In this paper, we first provide a short review of different approaches for studying gene-environment interactions for quantitative traits, and then propose a method that aims to improve the assessment of main and gene-environment interaction effects by combining the advantages of both longitudinal studies for continuous phenotypes and the family-based designs. This approach is based on an extension of ordinary linear mixed models (OLMM) for quantitative phenotypes which incorporates information from a case-parent design. We call the model the 'adjusted linear mixed model' (ALMM), and through simulation methods we show that even when population stratification is present, both main genetic and gene-environment interaction effects can be estimated without bias, and that this is more powerful than the two-step modelling approach.
The broad objectives of this paper do not extend to giving technical details about the family-based approach and its extensions, or to giving an extensive explanation about linear mixed models.
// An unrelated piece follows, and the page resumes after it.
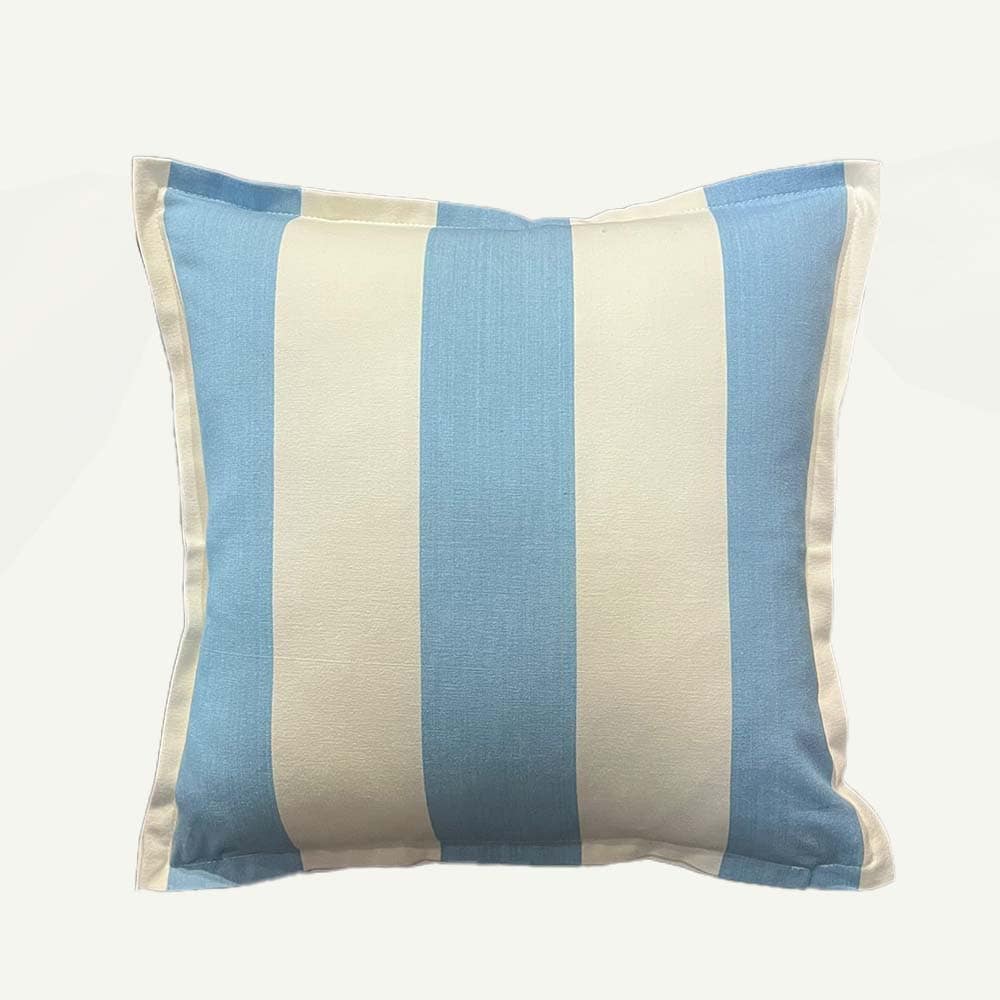 Big Striped Cotton Cushion Sky Blue cm 60×60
Rather, we present what we consider to be a widely applicable method for correctly assessing the main genetic effect and gene-environment interactions for time-dependent quantitative traits in stratified populations. For this purpose, we use simulated repeated measurements of forced expiratory flow between 75 per cent and 25 per cent of vital capacity (FEF25-75) ie (lung function) on asthmatic children exposed to ozone pollution, based on the observed distributions in a real cohort study conducted in Mexico City .
In order to set the stage for our methodology, we first provide a brief overview of some existing ordinary linear regression (OLR) models for testing main genetic effects and gene-environment interactions in cross-sectional studies that incorporate information about parental genotype (case-parent or trio design), adjusting for admixture. We then briefly present the family-based association test (FBAT) approach, which, as a second step (after computing the slope between the outcome and the exposure), represents an alternative method for analysing genetic associations over time. We next review the ordinary linear mixed models (OLMM) which are a standard approach for the analysis of longitudinal data, and present the adjusted linear mixed models (ALMM) as an extension of OLMM combined with the adjusted cross-sectional regression models. In order to show that the two-step modelling approach provides a valuable alternative for analysing longitudinal data, we explain the relationship between this approach and the linear mixed models. Finally, we give details about the simulation procedures and present our results and discussion.